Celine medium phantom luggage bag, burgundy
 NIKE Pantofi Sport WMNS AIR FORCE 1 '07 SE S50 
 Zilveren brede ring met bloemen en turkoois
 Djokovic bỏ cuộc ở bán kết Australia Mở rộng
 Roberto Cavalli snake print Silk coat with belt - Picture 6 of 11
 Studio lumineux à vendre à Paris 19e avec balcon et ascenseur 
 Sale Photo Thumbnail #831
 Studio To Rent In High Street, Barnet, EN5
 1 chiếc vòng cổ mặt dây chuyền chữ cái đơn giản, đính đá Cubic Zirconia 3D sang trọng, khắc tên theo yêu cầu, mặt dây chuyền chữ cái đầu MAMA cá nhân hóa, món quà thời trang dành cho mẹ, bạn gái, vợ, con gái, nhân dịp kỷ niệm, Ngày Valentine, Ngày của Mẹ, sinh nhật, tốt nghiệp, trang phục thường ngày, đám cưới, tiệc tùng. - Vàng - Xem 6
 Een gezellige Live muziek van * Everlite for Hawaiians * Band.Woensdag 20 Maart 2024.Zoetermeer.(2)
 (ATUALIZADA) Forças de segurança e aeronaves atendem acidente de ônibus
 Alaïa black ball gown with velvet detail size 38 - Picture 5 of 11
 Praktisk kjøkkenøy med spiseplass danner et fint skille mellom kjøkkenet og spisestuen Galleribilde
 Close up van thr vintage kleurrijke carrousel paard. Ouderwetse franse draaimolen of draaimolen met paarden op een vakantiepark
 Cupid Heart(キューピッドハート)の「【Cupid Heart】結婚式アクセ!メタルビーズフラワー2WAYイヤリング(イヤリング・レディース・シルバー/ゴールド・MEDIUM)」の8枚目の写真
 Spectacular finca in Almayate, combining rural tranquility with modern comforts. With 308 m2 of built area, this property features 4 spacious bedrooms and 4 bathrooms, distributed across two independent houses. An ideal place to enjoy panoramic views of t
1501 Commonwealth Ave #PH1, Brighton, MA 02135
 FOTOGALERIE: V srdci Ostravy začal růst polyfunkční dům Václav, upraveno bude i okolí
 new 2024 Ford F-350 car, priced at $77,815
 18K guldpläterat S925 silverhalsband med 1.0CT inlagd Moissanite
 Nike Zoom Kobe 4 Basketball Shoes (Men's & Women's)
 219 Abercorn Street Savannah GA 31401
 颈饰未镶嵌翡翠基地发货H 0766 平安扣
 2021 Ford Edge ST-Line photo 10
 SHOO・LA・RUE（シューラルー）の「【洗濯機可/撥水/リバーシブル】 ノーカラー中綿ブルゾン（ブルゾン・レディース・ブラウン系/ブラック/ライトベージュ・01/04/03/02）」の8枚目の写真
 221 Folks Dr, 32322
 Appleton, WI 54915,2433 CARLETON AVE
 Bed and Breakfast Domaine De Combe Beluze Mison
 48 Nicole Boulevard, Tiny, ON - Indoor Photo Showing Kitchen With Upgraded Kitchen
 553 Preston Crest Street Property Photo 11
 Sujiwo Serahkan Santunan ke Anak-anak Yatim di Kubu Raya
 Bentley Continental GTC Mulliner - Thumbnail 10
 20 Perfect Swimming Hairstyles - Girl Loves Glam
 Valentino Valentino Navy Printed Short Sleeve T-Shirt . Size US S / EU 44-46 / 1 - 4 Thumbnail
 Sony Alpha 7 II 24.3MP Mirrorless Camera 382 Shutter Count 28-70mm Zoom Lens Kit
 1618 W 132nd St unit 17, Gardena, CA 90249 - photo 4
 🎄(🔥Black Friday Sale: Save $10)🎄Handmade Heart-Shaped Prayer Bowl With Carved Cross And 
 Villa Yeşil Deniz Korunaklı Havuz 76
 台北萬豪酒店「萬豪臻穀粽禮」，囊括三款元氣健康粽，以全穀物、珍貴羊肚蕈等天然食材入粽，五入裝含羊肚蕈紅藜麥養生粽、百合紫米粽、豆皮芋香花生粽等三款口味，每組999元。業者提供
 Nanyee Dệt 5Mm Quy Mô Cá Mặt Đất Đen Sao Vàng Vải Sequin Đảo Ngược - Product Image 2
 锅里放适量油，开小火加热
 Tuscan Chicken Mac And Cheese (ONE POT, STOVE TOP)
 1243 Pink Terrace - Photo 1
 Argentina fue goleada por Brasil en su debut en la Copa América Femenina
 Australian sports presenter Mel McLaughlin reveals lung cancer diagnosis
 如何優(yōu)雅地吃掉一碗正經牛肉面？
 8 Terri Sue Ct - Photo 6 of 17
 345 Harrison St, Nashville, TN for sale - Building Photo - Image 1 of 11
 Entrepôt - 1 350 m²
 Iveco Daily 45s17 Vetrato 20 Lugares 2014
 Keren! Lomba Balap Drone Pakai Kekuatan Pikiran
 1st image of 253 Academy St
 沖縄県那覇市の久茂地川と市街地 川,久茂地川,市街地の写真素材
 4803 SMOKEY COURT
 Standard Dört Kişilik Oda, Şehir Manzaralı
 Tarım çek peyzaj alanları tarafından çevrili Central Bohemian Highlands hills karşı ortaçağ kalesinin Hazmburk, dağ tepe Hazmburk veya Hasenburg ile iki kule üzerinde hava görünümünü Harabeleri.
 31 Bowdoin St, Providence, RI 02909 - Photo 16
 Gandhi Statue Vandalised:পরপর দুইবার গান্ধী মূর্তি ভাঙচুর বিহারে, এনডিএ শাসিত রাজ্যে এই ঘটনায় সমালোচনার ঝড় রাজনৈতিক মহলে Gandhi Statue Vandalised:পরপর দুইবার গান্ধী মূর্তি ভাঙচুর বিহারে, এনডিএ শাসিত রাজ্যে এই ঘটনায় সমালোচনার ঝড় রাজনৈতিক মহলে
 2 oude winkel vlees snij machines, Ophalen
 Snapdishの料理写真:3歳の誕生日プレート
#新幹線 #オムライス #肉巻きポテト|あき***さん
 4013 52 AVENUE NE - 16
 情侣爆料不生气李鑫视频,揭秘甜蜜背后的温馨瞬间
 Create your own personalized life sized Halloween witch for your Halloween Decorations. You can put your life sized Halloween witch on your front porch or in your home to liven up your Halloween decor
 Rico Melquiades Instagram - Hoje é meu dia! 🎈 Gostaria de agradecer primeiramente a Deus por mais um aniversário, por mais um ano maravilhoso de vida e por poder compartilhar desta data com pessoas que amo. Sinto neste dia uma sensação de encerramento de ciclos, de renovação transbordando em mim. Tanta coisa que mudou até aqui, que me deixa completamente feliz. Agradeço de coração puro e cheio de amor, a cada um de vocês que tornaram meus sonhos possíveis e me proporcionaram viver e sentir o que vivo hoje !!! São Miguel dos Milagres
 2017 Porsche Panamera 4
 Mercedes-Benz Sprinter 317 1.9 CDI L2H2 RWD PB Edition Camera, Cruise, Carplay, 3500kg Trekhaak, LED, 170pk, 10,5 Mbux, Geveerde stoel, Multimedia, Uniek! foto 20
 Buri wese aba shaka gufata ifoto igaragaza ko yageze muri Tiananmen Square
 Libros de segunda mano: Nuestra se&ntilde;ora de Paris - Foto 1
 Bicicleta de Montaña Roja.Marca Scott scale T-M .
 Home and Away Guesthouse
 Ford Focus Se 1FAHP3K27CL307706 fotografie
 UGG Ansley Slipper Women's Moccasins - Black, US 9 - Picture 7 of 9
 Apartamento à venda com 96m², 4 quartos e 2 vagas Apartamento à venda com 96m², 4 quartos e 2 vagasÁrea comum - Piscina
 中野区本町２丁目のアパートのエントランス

........

> **Assignment**
Reply with every line of the listing that has the string "レディース".

> **Response box**
 Cupid Heart(キューピッドハート)の「【Cupid Heart】結婚式アクセ!メタルビーズフラワー2WAYイヤリング(イヤリング・レディース・シルバー/ゴールド・MEDIUM)」の8枚目の写真
 SHOO・LA・RUE（シューラルー）の「【洗濯機可/撥水/リバーシブル】 ノーカラー中綿ブルゾン（ブルゾン・レディース・ブラウン系/ブラック/ライトベージュ・01/04/03/02）」の8枚目の写真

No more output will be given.